Les réquisitions judiciaires ne doivent, en effet, pas permettre aux agents des douanes d'effectuer des actes d'investigation ou des constatations, dans des circonstances et selon des modalités ne respectant pas celles prévues dans les textes du code des douanes ou du LPF.

Afin d'éviter les risques de détournement de procédure, la distinction suivante peut donc être envisagée :

- les interventions en tant qu'assistant technique, dans les lieux privés ou dans les lieux privés ouverts au public.

Ces interventions excluent, par principe, toute constatation incidente effectuée par les agents des douanes judiciairement requis en assistance technique en matière douanière.

En effet, dans ce cas, le seul fondement juridique de l'accès à ces locaux consiste dans la réquisition. Dès lors, si les agents des douanes constatent une infraction douanière flagrante, la réquisition judiciaire est un moyen de disposer de plus de pouvoirs que le code des douanes ne l'aurait permis, d'où l'existence d'un détournement de pouvoirs.

En revanche, s'agissant d'une demande d'assistance technique pour accompagner des OPJ dans un débit de boissons, des constatations d'infractions en matière de contributions indirectes peuvent, en théorie, être valablement opérées par les agents des douanes, si les conditions prévues par l'arrêt Biotteau sont réunies.

En effet, au titre de l'article L26 du LPF, les agents des douanes ont accès, sans formalités, à ce lieu professionnel que constitue un débit de boissons.
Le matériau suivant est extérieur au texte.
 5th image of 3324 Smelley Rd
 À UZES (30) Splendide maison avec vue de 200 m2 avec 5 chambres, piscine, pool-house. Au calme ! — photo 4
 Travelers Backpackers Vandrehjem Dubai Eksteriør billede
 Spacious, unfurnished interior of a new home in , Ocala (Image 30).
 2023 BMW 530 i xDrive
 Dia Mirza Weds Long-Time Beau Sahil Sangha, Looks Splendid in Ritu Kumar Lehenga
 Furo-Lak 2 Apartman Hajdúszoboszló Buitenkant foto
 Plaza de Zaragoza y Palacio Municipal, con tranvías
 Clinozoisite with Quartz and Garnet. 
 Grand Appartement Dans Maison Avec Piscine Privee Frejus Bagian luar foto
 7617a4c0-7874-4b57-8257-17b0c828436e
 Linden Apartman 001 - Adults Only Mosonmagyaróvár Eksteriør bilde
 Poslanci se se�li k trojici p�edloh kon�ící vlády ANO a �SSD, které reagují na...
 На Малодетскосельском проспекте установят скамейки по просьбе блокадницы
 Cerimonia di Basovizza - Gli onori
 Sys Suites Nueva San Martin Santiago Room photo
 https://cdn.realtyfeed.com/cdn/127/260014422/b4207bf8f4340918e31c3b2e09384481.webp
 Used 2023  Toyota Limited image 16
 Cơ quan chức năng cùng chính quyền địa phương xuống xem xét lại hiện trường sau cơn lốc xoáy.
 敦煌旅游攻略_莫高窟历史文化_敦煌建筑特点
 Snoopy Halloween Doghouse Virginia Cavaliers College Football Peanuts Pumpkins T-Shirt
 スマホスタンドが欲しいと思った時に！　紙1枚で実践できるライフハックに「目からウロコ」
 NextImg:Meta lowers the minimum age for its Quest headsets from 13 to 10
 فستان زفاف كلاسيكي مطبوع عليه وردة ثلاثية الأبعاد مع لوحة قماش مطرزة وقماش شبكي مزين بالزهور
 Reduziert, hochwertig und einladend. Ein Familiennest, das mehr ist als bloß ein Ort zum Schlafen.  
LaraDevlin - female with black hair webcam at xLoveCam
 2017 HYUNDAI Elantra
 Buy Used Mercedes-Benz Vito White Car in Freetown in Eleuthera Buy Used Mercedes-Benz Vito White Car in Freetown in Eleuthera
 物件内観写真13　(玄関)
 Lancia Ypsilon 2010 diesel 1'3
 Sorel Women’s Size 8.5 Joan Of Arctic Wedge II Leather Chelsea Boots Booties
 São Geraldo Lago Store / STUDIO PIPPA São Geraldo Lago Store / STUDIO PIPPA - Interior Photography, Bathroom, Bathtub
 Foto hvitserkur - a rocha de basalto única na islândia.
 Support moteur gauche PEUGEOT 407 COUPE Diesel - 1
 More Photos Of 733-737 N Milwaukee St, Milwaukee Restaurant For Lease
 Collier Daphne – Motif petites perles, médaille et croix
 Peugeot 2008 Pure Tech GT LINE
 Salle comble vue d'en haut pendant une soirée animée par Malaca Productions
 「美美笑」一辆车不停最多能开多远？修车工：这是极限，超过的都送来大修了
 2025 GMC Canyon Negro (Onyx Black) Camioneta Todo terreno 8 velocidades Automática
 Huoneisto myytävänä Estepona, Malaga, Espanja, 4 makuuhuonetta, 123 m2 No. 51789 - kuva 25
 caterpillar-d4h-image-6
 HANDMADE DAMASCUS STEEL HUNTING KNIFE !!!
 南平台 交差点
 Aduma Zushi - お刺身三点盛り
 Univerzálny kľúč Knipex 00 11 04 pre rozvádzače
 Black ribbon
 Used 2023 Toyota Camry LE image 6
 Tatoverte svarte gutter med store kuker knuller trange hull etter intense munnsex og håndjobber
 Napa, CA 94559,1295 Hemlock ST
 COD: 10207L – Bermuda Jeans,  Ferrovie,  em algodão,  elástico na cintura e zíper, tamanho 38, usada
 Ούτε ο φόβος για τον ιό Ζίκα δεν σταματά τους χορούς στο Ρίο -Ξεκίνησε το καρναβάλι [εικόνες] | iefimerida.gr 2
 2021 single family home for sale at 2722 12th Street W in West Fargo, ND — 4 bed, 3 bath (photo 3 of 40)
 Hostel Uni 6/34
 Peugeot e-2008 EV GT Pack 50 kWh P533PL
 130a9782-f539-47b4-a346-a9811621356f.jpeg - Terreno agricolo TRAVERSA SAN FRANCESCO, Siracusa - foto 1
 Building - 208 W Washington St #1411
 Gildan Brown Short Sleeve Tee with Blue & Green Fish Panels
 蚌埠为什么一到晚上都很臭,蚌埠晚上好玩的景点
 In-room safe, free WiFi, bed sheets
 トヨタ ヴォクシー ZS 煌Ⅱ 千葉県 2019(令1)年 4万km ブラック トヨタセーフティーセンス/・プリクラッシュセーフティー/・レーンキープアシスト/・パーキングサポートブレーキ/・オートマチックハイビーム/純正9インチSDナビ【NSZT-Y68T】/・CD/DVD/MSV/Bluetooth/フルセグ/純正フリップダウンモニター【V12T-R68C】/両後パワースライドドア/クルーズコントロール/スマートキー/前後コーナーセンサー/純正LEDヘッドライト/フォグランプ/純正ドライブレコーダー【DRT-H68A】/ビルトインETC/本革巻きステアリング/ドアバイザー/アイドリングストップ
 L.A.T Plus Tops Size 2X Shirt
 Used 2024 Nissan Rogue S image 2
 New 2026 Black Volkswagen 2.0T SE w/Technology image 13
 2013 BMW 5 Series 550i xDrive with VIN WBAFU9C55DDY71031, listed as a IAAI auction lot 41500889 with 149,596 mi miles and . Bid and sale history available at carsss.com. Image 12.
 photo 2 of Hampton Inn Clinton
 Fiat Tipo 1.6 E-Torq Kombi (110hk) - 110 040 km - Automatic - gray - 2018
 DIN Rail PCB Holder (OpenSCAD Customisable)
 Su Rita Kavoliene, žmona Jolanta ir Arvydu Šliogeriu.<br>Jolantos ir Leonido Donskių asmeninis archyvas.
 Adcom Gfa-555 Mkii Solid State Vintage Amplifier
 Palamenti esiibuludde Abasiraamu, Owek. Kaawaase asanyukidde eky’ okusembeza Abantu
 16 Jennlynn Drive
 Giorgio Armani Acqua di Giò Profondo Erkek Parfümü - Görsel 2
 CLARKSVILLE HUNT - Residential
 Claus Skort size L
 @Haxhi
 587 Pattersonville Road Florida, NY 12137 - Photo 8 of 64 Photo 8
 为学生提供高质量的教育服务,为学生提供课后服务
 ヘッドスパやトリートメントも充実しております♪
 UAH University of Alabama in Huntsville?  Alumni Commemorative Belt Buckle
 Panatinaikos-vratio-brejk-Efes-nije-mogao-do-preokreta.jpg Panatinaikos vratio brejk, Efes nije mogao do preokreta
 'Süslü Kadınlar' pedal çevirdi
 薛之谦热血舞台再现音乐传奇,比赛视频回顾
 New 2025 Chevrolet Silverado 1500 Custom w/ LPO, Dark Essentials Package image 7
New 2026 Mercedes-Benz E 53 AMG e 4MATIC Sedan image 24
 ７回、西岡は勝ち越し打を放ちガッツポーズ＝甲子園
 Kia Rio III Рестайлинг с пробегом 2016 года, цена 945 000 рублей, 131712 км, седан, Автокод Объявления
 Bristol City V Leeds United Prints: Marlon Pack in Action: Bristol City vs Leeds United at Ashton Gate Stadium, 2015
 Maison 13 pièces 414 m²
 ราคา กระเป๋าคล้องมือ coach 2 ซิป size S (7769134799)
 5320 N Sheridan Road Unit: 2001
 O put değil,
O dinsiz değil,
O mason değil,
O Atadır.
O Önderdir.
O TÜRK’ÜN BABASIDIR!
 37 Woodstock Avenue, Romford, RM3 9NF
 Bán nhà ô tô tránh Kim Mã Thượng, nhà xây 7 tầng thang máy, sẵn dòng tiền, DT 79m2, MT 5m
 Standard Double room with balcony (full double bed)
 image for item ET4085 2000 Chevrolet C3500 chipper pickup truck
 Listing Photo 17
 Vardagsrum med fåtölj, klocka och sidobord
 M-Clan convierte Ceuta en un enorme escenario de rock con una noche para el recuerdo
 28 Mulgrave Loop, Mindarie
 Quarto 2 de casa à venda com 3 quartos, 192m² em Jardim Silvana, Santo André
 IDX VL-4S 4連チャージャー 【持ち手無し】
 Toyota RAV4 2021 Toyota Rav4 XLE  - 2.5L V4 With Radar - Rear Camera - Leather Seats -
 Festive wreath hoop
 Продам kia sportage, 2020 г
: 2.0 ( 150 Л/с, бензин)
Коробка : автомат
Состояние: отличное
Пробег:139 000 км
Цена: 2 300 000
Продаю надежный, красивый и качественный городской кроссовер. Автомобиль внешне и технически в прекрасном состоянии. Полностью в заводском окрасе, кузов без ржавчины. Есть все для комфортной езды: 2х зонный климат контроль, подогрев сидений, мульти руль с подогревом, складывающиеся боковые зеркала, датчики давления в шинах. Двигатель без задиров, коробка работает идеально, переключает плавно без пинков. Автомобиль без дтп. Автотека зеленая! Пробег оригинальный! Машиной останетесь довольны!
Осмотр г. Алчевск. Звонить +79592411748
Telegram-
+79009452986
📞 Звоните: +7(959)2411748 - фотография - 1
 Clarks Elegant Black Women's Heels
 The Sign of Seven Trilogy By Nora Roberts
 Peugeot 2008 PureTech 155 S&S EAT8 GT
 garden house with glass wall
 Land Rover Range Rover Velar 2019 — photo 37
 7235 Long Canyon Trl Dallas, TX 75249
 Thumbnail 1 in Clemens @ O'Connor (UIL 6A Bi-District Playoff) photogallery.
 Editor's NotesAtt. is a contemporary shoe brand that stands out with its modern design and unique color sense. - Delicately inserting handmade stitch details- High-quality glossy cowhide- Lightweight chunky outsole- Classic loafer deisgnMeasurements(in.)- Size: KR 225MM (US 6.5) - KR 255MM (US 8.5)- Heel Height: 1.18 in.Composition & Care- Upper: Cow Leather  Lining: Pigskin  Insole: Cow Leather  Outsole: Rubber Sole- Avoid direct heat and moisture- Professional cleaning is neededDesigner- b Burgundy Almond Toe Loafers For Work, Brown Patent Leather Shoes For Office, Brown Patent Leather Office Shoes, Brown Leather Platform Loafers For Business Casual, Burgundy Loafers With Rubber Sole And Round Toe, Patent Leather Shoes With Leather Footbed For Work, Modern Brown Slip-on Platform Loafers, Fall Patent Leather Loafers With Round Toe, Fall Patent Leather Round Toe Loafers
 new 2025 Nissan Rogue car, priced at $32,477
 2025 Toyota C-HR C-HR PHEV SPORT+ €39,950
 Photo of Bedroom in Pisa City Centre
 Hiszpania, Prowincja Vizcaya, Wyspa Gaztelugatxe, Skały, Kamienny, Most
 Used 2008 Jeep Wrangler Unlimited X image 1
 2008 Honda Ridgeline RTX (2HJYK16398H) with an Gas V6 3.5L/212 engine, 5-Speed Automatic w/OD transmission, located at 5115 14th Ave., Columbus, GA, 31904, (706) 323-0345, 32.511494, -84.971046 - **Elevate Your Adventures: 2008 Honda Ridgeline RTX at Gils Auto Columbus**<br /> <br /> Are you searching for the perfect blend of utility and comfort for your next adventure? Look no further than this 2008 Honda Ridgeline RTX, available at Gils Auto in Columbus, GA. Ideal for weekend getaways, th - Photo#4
La réquisition judiciaire ne créerait donc pas plus de droits aux agents des douanes que le LPF ;

- les interventions effectuées dans les lieux publics ou sur la voie publique.

Dans ce cas, les agents des douanes peuvent, étant judiciairement requis sur le fondement des articles 60 et 77-1 du code de procédure pénale, se trouver en situation de respecter les modalités de mise en oeuvre des pouvoirs du code des douanes ou du LPF.

De telles constatations incidentes par les agents des douanes ne sont cependant pas à encourager en raison du détournement de pouvoirs qui pourrait être allégué par les personnes mises en cause, du fait de la précision des conditions, posées par la jurisprudence, de validité de telles constatations.